Dann könnte das Drehmoment von 220 bzw. 320 Nm etwas spärlich werden. Und gerade der kleine Motor realisiert lediglich eine Anhängelast von 1,6 Tonnen mit dem Multivan. Da wird manch einer seinen alten Wohnwagen stehen lassen müssen ...
Trotzdem ... und ja ... es klingt auch für uns komisch: Wir müssen zugeben, dass wir jeweils mit der Einstellung losgefahren sind, dass die Ottomotoren (1,5-Liter-Vierzylinder mit 136 PS und 2,0-Liter-Vierzylinder mit 204 PS) bei den Testfahrten für eine große Enttäuschung sorgen werden.
Wir wurden eines besseren belehrt. Sogar das kleine Derivat wirkt nur im äußersten Notfall sowohl in Sachen Vortrieb oder Durchzug überfordert und quittiert diesen Umstand mit einem angestrengten Jaulen. Mit dem großen Benziner sind diese minimalen Kritikpunkte nicht mehr gegeben.
Beide Motoren werden nur in Verbindung mit einem Siebengang-DSG angeboten, dass seine Arbeit VW-typisch ohne Beanstandung erledigt. Allerdings etwas komfortabler und gemächlicher ausgelegt als in den Pkw-Modellen des Herstellers. Der ausgewogene Frontantrieb des Multivan sei ebenfalls erwähnt.
Der Verbrauchsunterschied zwischen den Vierzylindern liegt bei etwa einem Liter auf 100 km. Während wir unsere Testrunde mit 136 PS mit durchschnittlich 7,9 Litern absolvieren konnten, benötigte die 204-PS-Maschine rund 9 Liter.

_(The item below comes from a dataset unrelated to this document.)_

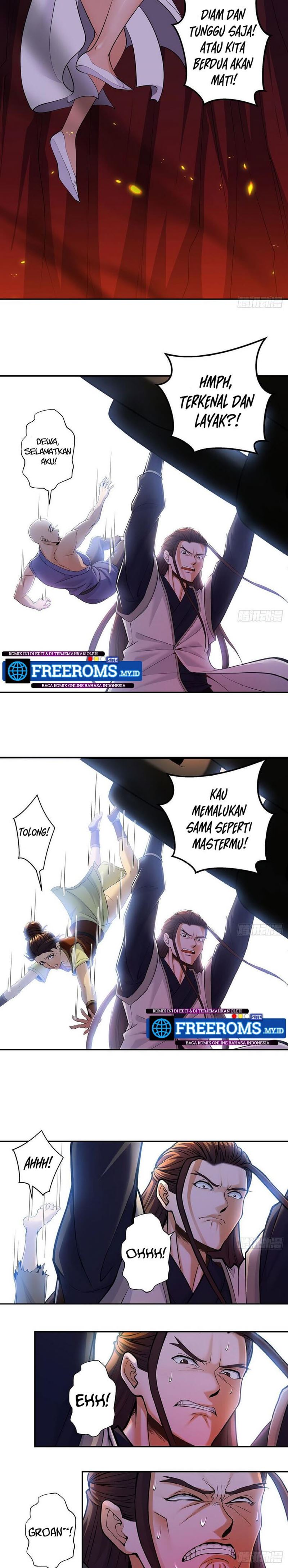 I Am A Humanoid Cultivation Pill Chapter 01 Gambar 68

Durch den MQB-Einsatz konnte im Multivan aber auch ein PHEV-Antriebsstrang realisiert werden. Die Fakten: Er besteht aus einem 1,4-Liter-Vierzylinder mit 110 kW, einem 85 kW starken E-Motor und einem Sechsgang-DSG. Das System treibt exklusiv die Vorderräder an, ein Lithium-Ionen-Akku mit 10,4 kWh (netto) ermöglicht laut WLTP-Zyklus eine E-Reichweite von 50 km (realistisch sind eher 30 km), die Systemleistung liegt kurzzeitig bei 218 PS und das maximale Drehmoment gibt der Hersteller mit 350 Nm an. Klingt potent. Aber bei der Anhängelast ist wieder bei 1,6 Tonnen Schluss. Schade.

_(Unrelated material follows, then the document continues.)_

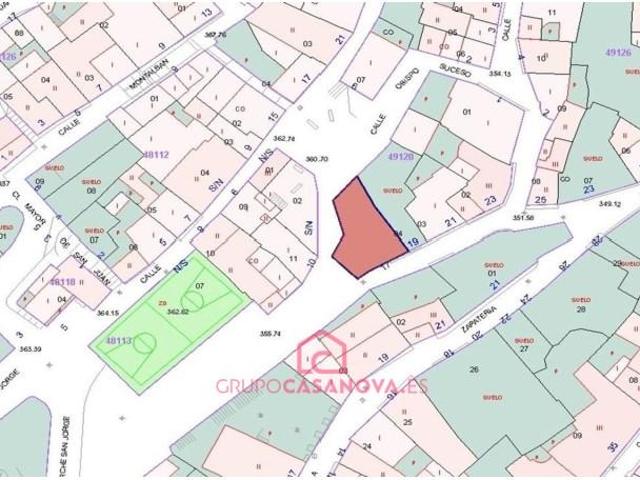Terreno en venta en Estellerria, Navarra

Dafür kann der sogenannte eHybrid aber mit der bislang besten Relation zwischen Leistung und Verbrauch punkten. Man kann den Akku zwar in 5 Stunden an einer 220-Volt-Haushaltssteckdose laden, wir starteten aber mit leerem Stromspeicher. Gerade auf der Langstrecke ist dieses Szenario nämlich irgendwie realistischer.
Trotzdem konnten wir einen Benzinverbrauch von 7,5 Litern je 100 km einfahren. Die ebenfalls angegebenen 5,5 kWh/100 km stammen aus der rekuperativen Energiegewinnung oder wenn der Verbrenner als Stromerzeuger im Hybrid-Modus herhalten musste. Wenn die Akkus voll wären ließe sich übrigens bis zu 140 km/h elektrisch fahren.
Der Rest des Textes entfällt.